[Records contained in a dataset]
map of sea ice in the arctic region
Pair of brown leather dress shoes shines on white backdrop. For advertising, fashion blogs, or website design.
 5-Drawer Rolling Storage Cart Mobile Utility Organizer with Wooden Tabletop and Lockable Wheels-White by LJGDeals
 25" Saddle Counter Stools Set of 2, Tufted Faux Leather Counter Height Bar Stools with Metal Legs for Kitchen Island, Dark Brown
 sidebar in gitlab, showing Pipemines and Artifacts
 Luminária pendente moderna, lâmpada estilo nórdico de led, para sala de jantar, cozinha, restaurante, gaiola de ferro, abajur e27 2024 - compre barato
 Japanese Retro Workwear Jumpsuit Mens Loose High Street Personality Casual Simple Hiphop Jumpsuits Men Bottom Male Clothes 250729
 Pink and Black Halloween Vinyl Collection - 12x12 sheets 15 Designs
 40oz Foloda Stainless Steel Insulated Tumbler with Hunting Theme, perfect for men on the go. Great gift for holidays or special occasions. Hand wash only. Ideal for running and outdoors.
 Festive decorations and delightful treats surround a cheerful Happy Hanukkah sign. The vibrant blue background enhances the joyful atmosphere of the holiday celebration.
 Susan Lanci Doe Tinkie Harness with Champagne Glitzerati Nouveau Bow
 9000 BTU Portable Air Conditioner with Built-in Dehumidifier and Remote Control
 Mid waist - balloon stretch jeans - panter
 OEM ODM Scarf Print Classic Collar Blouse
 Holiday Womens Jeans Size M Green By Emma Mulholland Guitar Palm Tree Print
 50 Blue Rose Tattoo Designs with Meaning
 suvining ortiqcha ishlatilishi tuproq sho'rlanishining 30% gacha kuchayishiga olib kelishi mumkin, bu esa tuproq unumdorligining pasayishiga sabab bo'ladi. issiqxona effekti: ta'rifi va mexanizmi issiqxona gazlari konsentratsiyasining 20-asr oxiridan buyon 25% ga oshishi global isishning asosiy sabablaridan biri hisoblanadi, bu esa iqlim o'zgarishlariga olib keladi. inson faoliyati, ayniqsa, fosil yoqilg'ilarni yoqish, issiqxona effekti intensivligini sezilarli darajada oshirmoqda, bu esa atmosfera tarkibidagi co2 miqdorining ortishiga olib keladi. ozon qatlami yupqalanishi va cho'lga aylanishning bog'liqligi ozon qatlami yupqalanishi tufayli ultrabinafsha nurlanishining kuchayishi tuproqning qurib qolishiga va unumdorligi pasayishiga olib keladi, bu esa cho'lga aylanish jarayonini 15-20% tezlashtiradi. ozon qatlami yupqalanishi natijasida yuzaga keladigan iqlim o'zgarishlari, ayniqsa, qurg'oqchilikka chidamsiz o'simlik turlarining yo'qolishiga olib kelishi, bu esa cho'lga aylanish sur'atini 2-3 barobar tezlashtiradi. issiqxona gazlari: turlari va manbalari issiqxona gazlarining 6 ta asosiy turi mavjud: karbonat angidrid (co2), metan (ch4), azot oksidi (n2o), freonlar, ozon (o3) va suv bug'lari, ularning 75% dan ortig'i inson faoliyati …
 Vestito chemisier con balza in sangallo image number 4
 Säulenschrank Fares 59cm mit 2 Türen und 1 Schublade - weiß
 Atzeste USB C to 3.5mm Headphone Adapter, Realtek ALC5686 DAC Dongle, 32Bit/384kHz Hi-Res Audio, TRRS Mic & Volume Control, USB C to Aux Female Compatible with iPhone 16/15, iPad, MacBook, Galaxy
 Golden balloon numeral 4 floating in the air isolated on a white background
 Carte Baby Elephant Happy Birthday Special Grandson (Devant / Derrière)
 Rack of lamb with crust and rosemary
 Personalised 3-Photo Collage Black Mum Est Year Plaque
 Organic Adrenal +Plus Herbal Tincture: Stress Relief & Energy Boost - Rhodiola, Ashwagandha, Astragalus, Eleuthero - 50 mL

* _What is expected_
Every entry should be output again exactly as written.

* _Solution_
map of sea ice in the arctic region
Pair of brown leather dress shoes shines on white backdrop. For advertising, fashion blogs, or website design.
 5-Drawer Rolling Storage Cart Mobile Utility Organizer with Wooden Tabletop and Lockable Wheels-White by LJGDeals
 25" Saddle Counter Stools Set of 2, Tufted Faux Leather Counter Height Bar Stools with Metal Legs for Kitchen Island, Dark Brown
 sidebar in gitlab, showing Pipemines and Artifacts
 Luminária pendente moderna, lâmpada estilo nórdico de led, para sala de jantar, cozinha, restaurante, gaiola de ferro, abajur e27 2024 - compre barato
 Japanese Retro Workwear Jumpsuit Mens Loose High Street Personality Casual Simple Hiphop Jumpsuits Men Bottom Male Clothes 250729
 Pink and Black Halloween Vinyl Collection - 12x12 sheets 15 Designs
 40oz Foloda Stainless Steel Insulated Tumbler with Hunting Theme, perfect for men on the go. Great gift for holidays or special occasions. Hand wash only. Ideal for running and outdoors.
 Festive decorations and delightful treats surround a cheerful Happy Hanukkah sign. The vibrant blue background enhances the joyful atmosphere of the holiday celebration.
 Susan Lanci Doe Tinkie Harness with Champagne Glitzerati Nouveau Bow
 9000 BTU Portable Air Conditioner with Built-in Dehumidifier and Remote Control
 Mid waist - balloon stretch jeans - panter
 OEM ODM Scarf Print Classic Collar Blouse
 Holiday Womens Jeans Size M Green By Emma Mulholland Guitar Palm Tree Print
 50 Blue Rose Tattoo Designs with Meaning
 suvining ortiqcha ishlatilishi tuproq sho'rlanishining 30% gacha kuchayishiga olib kelishi mumkin, bu esa tuproq unumdorligining pasayishiga sabab bo'ladi. issiqxona effekti: ta'rifi va mexanizmi issiqxona gazlari konsentratsiyasining 20-asr oxiridan buyon 25% ga oshishi global isishning asosiy sabablaridan biri hisoblanadi, bu esa iqlim o'zgarishlariga olib keladi. inson faoliyati, ayniqsa, fosil yoqilg'ilarni yoqish, issiqxona effekti intensivligini sezilarli darajada oshirmoqda, bu esa atmosfera tarkibidagi co2 miqdorining ortishiga olib keladi. ozon qatlami yupqalanishi va cho'lga aylanishning bog'liqligi ozon qatlami yupqalanishi tufayli ultrabinafsha nurlanishining kuchayishi tuproqning qurib qolishiga va unumdorligi pasayishiga olib keladi, bu esa cho'lga aylanish jarayonini 15-20% tezlashtiradi. ozon qatlami yupqalanishi natijasida yuzaga keladigan iqlim o'zgarishlari, ayniqsa, qurg'oqchilikka chidamsiz o'simlik turlarining yo'qolishiga olib kelishi, bu esa cho'lga aylanish sur'atini 2-3 barobar tezlashtiradi. issiqxona gazlari: turlari va manbalari issiqxona gazlarining 6 ta asosiy turi mavjud: karbonat angidrid (co2), metan (ch4), azot oksidi (n2o), freonlar, ozon (o3) va suv bug'lari, ularning 75% dan ortig'i inson faoliyati …
 Vestito chemisier con balza in sangallo image number 4
 Säulenschrank Fares 59cm mit 2 Türen und 1 Schublade - weiß
 Atzeste USB C to 3.5mm Headphone Adapter, Realtek ALC5686 DAC Dongle, 32Bit/384kHz Hi-Res Audio, TRRS Mic & Volume Control, USB C to Aux Female Compatible with iPhone 16/15, iPad, MacBook, Galaxy
 Golden balloon numeral 4 floating in the air isolated on a white background
 Carte Baby Elephant Happy Birthday Special Grandson (Devant / Derrière)
 Rack of lamb with crust and rosemary
 Personalised 3-Photo Collage Black Mum Est Year Plaque
 Organic Adrenal +Plus Herbal Tincture: Stress Relief & Energy Boost - Rhodiola, Ashwagandha, Astragalus, Eleuthero - 50 mL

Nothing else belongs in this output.